The bare SnO2 particulate film was found through FE-SEM analysis to have a porous surface structure (Fig. 1C,a1), but showed little change after immersion for 20 min due to the small size of the SnO2 nanosheets (Fig. 1C,b1). After 6 h immersion, however, large SnO2 nanosheets measuring 100 nm in-plane and about 1–5 nm in thickness could be clearly observed on the particulate films (Fig. 1C,c1). These created a network between the SnO2 particles, the noble metal particles and the nanosheets themselves. Subsequent TEM observation revealed that the SnO2 nanosheets were directly formed on the SnO2 particulate film (Fig. 2A), as they were aligned parallel to the sheet surface. The continuous lattice fringe of the nanosheet also suggests that single crystals were formed. The fast Fourier transform (FFT) spectrum of the nanosheet marked as area “a” in the TEM image revealed lattice spacings of 0.27 and 0.17 nm (Fig. 2A,a), which were assigned to the (101) and (220) planes of SnO2, respectively. The fact that the strong 0.17 nm FFT spots were aligned perpendicular to the in-plane direction of the nanosheet suggests that the large flat planes of the nanosheets were formed on the (101) crystal faces of SnO2. The SnO2 particle in area “b” exhibited clear lattice fringes and lattice spacings of 0.34 and 0.17 nm (Fig. 2A,b), the former being assigned to the (110) plane of SnO2.

Figure 2.

Figure 2

Open in a new tab

A: Cross-sectional TEM image of a SnO2 particulate film with SnO2 nanosheets created by 20 min immersion in SnF2 solution (NS(20 min)/PF). (a) SnO2 nanosheet and its FFT power spectrum. (b) SnO2 particle and its FFT power spectrum. B: Cross-sectional STEM-HAADF image of NS(20 min)/PF together with EDS element maps of Sn, O, and Pd. C: EDS spectrum of the film showing its chemical ratio. D: EELS spectra of NS(20 min)/PF. (a) SnO2 nanosheet in the a-EELS area marked in Fig. 2B. (b) SnO2 nanoparticle in the b-EELS in Fig. 2B. (c) SnO2 standard from the EELS-Atlas database.
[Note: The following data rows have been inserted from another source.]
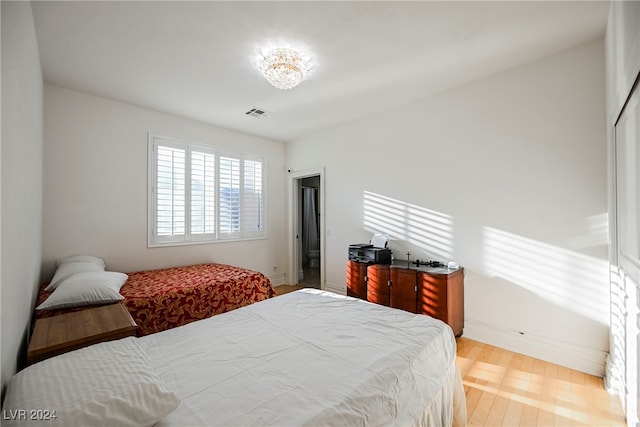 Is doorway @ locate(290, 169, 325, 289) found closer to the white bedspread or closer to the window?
the window

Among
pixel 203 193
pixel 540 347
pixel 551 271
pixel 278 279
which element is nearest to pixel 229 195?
pixel 203 193

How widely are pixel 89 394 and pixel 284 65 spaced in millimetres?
2496

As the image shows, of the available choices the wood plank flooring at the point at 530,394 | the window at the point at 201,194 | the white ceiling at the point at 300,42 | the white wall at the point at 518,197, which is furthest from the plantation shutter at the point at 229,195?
the wood plank flooring at the point at 530,394

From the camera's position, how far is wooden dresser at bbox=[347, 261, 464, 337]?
9.67 ft

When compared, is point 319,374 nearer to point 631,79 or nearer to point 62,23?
point 631,79

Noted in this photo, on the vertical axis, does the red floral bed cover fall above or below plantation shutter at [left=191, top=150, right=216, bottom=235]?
below

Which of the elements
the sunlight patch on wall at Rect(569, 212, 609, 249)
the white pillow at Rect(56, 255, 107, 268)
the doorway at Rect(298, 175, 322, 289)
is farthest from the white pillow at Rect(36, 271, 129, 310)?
the doorway at Rect(298, 175, 322, 289)

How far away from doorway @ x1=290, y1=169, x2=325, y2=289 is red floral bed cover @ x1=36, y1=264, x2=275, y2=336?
5.67 feet

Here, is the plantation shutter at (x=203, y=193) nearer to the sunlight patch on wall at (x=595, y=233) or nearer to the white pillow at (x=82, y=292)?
the white pillow at (x=82, y=292)

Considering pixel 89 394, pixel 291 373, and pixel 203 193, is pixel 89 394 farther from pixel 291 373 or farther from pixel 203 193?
pixel 203 193

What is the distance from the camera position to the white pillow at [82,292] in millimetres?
2197

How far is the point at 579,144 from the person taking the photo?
2.53m

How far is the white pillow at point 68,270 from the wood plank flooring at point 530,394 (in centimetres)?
358

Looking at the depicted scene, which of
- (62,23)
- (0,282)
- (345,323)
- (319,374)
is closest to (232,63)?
(62,23) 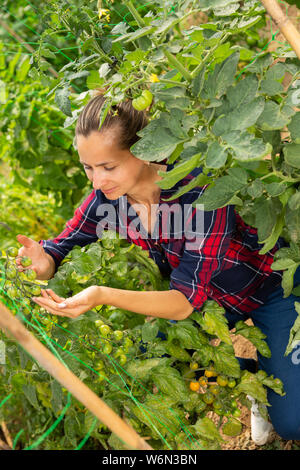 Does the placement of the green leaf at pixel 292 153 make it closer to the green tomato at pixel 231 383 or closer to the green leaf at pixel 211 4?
the green leaf at pixel 211 4

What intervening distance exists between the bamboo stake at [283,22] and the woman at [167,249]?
33 cm

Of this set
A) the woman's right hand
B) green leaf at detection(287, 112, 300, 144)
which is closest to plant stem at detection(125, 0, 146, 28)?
green leaf at detection(287, 112, 300, 144)

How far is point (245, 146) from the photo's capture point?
76cm

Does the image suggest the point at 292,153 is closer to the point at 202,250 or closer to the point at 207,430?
the point at 202,250

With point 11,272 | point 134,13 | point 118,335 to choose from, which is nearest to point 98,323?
point 118,335

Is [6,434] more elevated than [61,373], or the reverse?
[61,373]

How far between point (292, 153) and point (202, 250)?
35cm

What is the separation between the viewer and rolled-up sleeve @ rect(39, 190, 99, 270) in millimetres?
1338

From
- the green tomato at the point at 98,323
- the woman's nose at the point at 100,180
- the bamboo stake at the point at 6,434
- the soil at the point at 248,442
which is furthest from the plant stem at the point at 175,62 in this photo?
the bamboo stake at the point at 6,434

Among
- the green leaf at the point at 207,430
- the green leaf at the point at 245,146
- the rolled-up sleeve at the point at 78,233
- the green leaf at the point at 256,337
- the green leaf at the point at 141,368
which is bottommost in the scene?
the green leaf at the point at 256,337

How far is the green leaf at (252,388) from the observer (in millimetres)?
1327

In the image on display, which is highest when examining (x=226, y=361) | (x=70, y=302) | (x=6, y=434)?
(x=70, y=302)

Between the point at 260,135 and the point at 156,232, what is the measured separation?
365 millimetres

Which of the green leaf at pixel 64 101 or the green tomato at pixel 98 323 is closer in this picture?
the green leaf at pixel 64 101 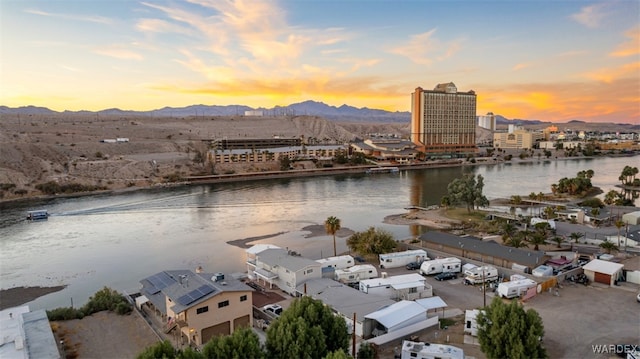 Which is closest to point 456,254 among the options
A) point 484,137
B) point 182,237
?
point 182,237

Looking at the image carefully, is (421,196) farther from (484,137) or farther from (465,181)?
(484,137)

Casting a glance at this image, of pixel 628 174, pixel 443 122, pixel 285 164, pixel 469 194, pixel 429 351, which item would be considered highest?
pixel 443 122

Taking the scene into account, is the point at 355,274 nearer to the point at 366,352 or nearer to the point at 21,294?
the point at 366,352

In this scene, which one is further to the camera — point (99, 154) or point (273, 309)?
point (99, 154)

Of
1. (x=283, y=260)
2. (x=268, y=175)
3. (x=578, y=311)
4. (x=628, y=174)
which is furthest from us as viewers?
(x=268, y=175)

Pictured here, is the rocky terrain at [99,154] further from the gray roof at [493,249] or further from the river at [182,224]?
the gray roof at [493,249]

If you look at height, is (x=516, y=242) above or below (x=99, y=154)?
below

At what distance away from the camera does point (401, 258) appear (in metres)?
15.3

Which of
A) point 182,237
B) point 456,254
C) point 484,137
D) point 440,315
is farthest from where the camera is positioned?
point 484,137

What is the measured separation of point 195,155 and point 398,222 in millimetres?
35579

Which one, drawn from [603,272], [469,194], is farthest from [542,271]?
[469,194]

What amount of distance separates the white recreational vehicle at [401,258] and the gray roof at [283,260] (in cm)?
285

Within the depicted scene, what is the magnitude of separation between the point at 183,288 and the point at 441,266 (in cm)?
790

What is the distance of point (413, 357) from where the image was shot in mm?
8523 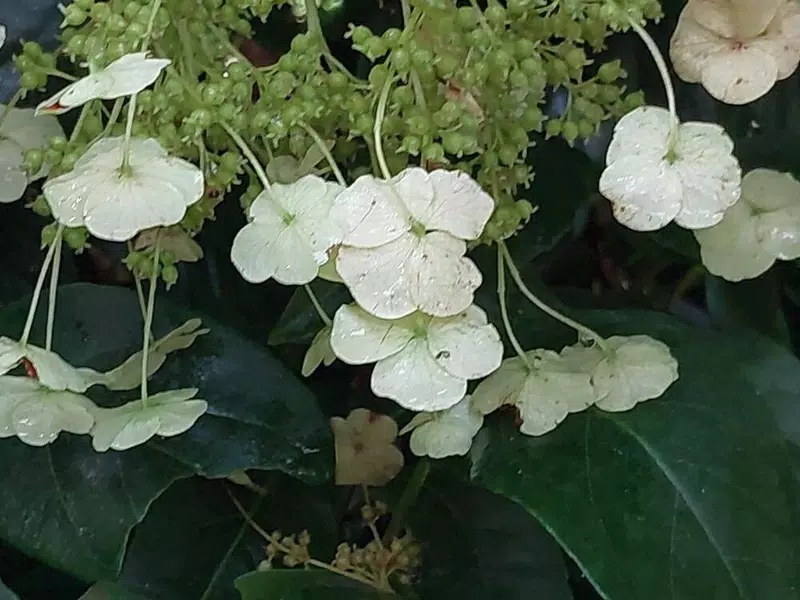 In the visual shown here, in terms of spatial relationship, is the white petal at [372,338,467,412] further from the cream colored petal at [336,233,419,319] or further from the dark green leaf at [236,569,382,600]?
the dark green leaf at [236,569,382,600]

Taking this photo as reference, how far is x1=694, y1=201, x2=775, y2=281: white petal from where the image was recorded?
1.93 ft

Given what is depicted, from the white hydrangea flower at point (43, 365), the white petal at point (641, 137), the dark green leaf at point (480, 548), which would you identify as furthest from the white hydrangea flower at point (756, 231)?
the white hydrangea flower at point (43, 365)

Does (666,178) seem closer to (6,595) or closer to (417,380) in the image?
(417,380)

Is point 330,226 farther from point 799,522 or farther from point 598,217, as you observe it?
point 598,217

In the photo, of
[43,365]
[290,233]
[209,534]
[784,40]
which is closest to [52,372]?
[43,365]

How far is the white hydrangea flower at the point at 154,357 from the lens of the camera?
1.93ft

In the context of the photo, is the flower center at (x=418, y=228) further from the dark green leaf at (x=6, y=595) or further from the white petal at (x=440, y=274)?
the dark green leaf at (x=6, y=595)

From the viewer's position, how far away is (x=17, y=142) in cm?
59

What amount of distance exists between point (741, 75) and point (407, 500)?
36 centimetres

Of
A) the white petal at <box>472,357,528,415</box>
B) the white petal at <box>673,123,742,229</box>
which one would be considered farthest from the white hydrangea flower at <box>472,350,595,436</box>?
the white petal at <box>673,123,742,229</box>

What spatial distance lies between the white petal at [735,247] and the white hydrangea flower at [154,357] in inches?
10.9

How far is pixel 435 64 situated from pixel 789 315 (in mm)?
510

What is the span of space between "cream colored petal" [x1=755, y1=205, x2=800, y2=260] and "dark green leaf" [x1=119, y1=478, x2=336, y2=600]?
0.33 metres

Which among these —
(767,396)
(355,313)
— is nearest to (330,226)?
(355,313) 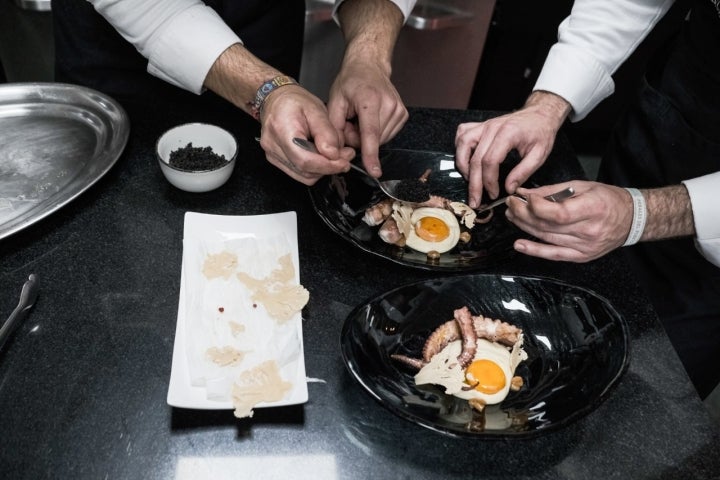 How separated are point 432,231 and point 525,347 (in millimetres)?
383

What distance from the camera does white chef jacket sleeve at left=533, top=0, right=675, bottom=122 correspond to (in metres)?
1.68

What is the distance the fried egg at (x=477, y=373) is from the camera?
43.3 inches

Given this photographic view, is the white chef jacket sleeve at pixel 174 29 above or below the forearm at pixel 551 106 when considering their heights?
above

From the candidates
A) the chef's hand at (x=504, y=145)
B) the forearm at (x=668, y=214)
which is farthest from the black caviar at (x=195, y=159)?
the forearm at (x=668, y=214)

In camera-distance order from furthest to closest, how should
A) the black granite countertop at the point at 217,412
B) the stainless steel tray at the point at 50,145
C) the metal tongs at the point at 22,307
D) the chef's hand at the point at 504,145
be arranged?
the chef's hand at the point at 504,145, the stainless steel tray at the point at 50,145, the metal tongs at the point at 22,307, the black granite countertop at the point at 217,412

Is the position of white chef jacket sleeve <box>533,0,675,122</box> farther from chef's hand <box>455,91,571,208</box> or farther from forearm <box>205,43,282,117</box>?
forearm <box>205,43,282,117</box>

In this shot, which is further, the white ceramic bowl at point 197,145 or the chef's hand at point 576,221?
the white ceramic bowl at point 197,145

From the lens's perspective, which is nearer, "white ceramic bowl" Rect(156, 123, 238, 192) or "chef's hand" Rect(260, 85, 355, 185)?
"chef's hand" Rect(260, 85, 355, 185)

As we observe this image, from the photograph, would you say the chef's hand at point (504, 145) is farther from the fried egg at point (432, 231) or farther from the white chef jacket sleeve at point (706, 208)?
the white chef jacket sleeve at point (706, 208)

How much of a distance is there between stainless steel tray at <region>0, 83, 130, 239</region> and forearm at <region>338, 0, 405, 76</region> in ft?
2.38

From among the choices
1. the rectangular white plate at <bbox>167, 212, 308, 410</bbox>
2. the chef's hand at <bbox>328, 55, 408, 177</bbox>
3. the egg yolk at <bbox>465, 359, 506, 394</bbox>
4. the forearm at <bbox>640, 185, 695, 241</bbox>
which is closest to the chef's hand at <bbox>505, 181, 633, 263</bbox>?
the forearm at <bbox>640, 185, 695, 241</bbox>

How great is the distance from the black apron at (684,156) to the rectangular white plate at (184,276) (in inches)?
43.7

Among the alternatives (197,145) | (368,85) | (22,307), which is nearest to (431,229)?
(368,85)

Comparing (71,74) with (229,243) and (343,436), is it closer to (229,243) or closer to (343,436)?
(229,243) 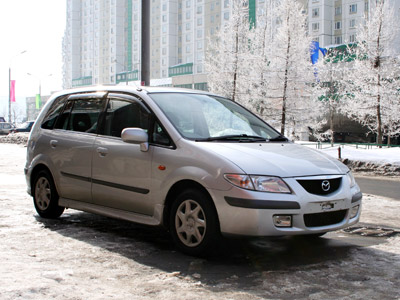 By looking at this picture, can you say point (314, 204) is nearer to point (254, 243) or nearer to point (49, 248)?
point (254, 243)

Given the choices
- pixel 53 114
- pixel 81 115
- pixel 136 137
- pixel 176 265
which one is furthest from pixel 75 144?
pixel 176 265

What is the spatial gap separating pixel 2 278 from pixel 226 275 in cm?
177

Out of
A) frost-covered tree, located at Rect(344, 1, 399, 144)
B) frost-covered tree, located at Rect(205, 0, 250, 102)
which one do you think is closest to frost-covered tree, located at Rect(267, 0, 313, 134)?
frost-covered tree, located at Rect(344, 1, 399, 144)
To obtain clearer information on the chemical composition rather than crystal structure, STEM-HAADF was used to observe the shapes and positions of the various sensor components along with the distribution of Sn, O and Pd (Fig. 2B). The Sn and O concentrations differentiate the SnO2 nanosheets/particles from the Pd catalyst, allowing the ratio of Sn:O:Pd to be estimated at 29.6:69.9:0.5. The Pt and Au, however, had only very tiny peaks in the EDS spectrum (Fig. 2C), indicating that greater control over the addition and distribution of these additives is needed to maximise the sensing properties of the detector. The EELS spectra obtained from the SnO2 nanosheets and SnO2 nanoparticles (Fig. 2D, a or b) were both similar to the spectrum of SnO2 in the EELS-Atlas database (Fig. 2D,c), indicating that they contained quadrivalent tin.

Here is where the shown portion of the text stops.